The typical flood victim will collect $5,000 to $10,000 in federal aid to help put their lives back together, even if the damage extends by thousands of dollars beyond that.
Those who qualify can also apply for loans, although that money will have to be paid back.
“In many cases, it gets people back into their homes,” Eugene Brezany, a spokesman for the Federal Emergency Management Agency said last week. “So at least they’ve got a roof over their heads and knifes, forks and spoons in the kitchen drawer. But it’s pretty bare bones,” he said.
Residents in more than half of the 52 soggy counties slammed with a storm that triggered floods earlier this month are now eligible to register with FEMA, officially signing up for an inspection of their home or damaged property in order to calculate how much recovery grant money, if any, they qualify for from the federal government.
Residents in counties not yet named disaster areas will have to wait until their area is called before applying.
It can take days or weeks for a FEMA representative to survey a property to determine the total damage. Once the inspection is over, money to help repair leaky basements, replace soggy carpets and replace goods that were soaked in flood waters could take few weeks to arrive, Brezany said.
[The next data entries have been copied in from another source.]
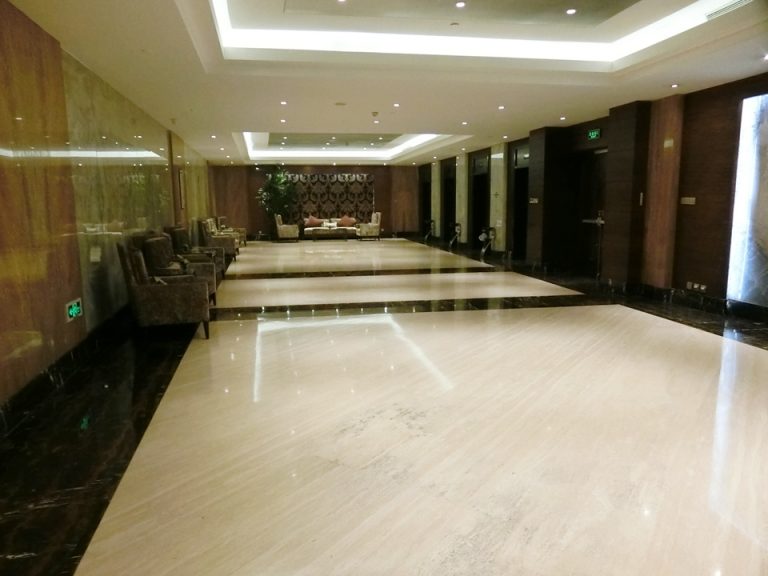 エレベーターホールCIMG7575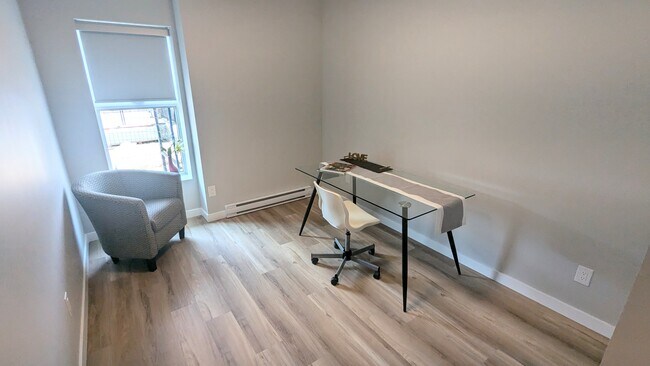 475 St Anne's Rd Unit 421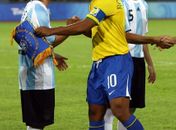 Com Brasil e Argentina em baixa, "superclássico" demora a empolgar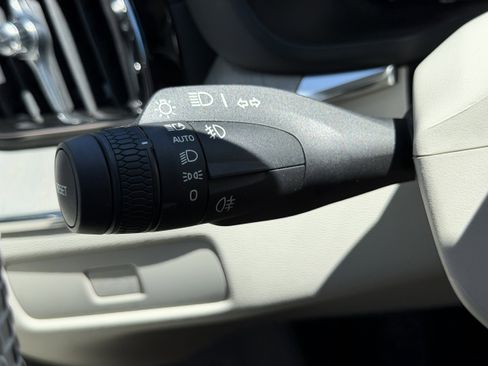 Certified 2023 Volvo XC60 B5 Ultimate w/ Protection Package Premier image 27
The federal aid is aimed at those who lacked insurance to cover their flood and storm damages. FEMA says those who were insured are still encouraged to register because there may be other damages not included in the initial settlement.
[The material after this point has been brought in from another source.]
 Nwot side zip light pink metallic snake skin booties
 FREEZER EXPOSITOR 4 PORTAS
Residents have several options to dealing with their flood damage. In addition to the grant money, they can also apply for low interest loans with the Small Business Administration or a private company.
Eligible residents can apply for up to a $200,000 loan from the federal government at a 2.75 percent interest rate. Individuals can tack on up to $40,000 more to address personal property, such as vehicles.
But it’s no blank check, said Jelani Miller, a spokesman for the Small Business Administration, adding that each dollar must be spent addressing issues related to the storm and flood. While someone might be replacing a water-damaged TV, they are not supposed to use that money buy an entertainment system.
The same goes for low-interest federal business loans, which allow a company to borrow up to $2 million at 4 percent interest.
Some private banks also offer disaster related loans which can be used more freely than the government money.